Quels sont justement les bénéfices pour les chercheurs d’équipes-projets communes ?

C’est en premier lieu une solution logique : nous sommes d’un même domaine, nous avons les mêmes objectifs et cela a donc du sens de collaborer. J’accorde beaucoup plus d’importance aux compétences des personnes avec qui je travaille qu’aux organismes dont ils sont salariés.

L’avantage d’avoir une équipe-projet commune reconnue par les établissements de rattachement est que cela doit simplifier la vie des membres de l’équipe, avoir des budgets de l’équipe gérés par l’un d’eux et pouvoir bénéficier du soutien de tous, notamment en termes scientifiques pour conduire le projet de l’équipe.

Les financeurs apprécient également les projets collaboratifs, donc faire partie d’une équipe-projet commune peut aussi aider à décrocher des subventions. Enfin, scientifiquement et humainement, rassembler des chercheurs d’institutions différentes est forcément enrichissant : nous nous apportons d’autres points de vue, d’autres méthodes, d’autres outils.

Scientifiquement et humainement, rassembler des chercheurs d’institutions différentes est forcément enrichissant : nous nous apportons d’autres points de vue, d’autres méthodes, d’autres outils.

Cette organisation est-elle également une opportunité pour le monde de la recherche en général ?

Bien sûr ! Ce serait quand même dommage de ne pas permettre aux chercheurs de travailler ensemble et de diffuser leurs compétences. Là, chaque organisme participant y gagne, car les chercheurs ne sont que plus performants en collaborant avec les autres spécialistes de leur domaine. L’union des forces est toujours bénéfique. La recherche française en sort ainsi plus efficace.

Pour les institutions, même si cela implique quelques conventions supplémentaires, c’est également un avantage : chacune profite des avancées scientifiques et du rayonnement de l’équipe. Les universités peuvent s’appuyer sur les chercheurs partenaires pour trouver des applications dans l’enseignement ou encore offrir des expériences professionnelles à leurs étudiants.

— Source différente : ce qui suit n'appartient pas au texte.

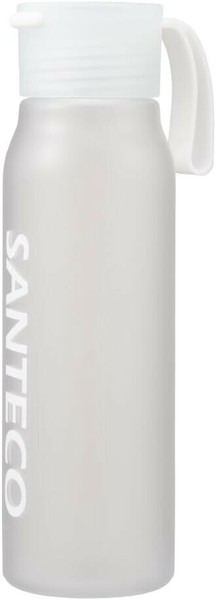 CB JAPAN（シービージャパン） オーディナリーボトル550 MGY ミストグレー 水筒 ストラップ thumbnail 3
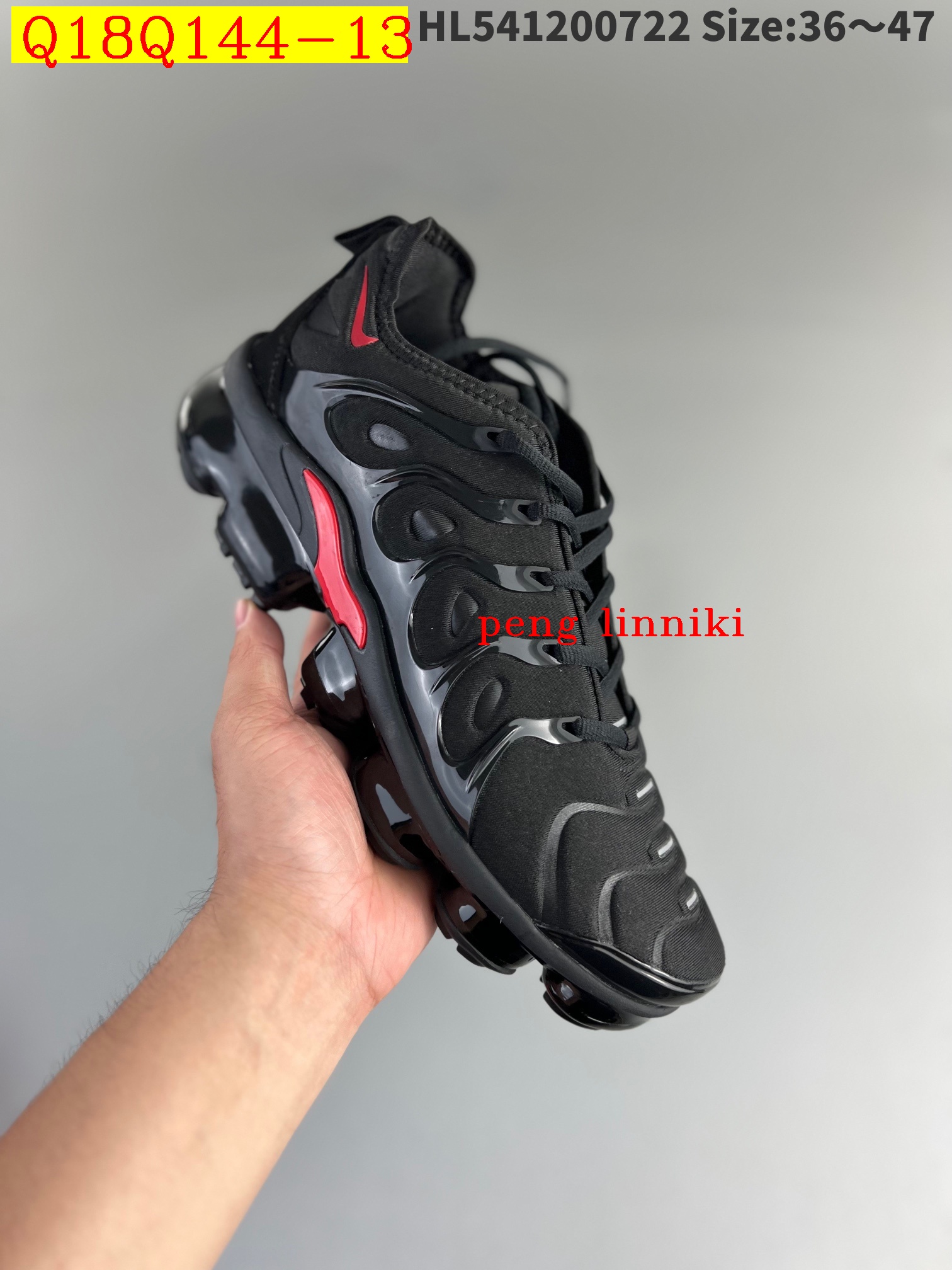 new_dh Nike W Air Vapormax Plus TM SIZE 36 46 52147034143 Q18Q144 gallery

Tout le monde y trouve un bénéfice.

Au quotidien, cette composition mixte a-t-elle un impact en termes de fonctionnement ?

Quasiment pas. Nous avons parfois une petite dose d’administratif à faire en plus quand une mission est prise en charge par l’un des établissements de rattachement de l’équipe-projet. Pour les chercheurs, la seule différence est que leur évaluation est réalisée par les supérieurs hiérarchiques de nos institutions de rattachement. Bref, nous sommes véritablement une seule et même équipe. D’ailleurs, quand nous publions un article, les institutions de tous les chercheurs y figurent, comme un seul groupe.

Est-ce un système auquel vous-même êtes habituée ?

En fait, je n’ai connu que celui-ci. Après mon master 2 en informatique à l’université Nice-Sophia-Antipolis, j’ai fait ma thèse dans l’équipe-projet Inria Sloop, commune au CNRS et à l’université Nice-Sophia-Antipolis ! Puis je suis partie cinq ans pour un postdoc à l’Imperial College de Londres et en rentrant, j’ai décroché un poste au CNRS comme ingénieure de recherche au Labri (Laboratoire bordelais de recherche en informatique), dont fait partie l’équipe-projet Storm, où je travaille depuis cinq ans. J’ignore si travailler au sein d’une équipe de recherche qui n’aurait des chercheurs que d’un seul organisme me conviendrait, mais je sais en tout cas que l’organisation commune me plaît ! Nous avons tous des parcours différents, des compétences similaires ou complémentaires et c’est ce qui fait la force de l’équipe.

Si vous deviez associer un style musical à votre équipe commune, lequel choisiriez-vous et pourquoi ?

Nous sommes un orchestre. Et nous pouvons jouer n’importe quelle musique : du classique, de la fanfare, du rock… Car en fait, nous avons tous des instruments différents : nos compétences, que nous maîtrisons très bien. Et nous arrivons à jouer tous ensemble, à nous accorder, à collaborer, pour faire entendre, à la fin, une belle harmonie.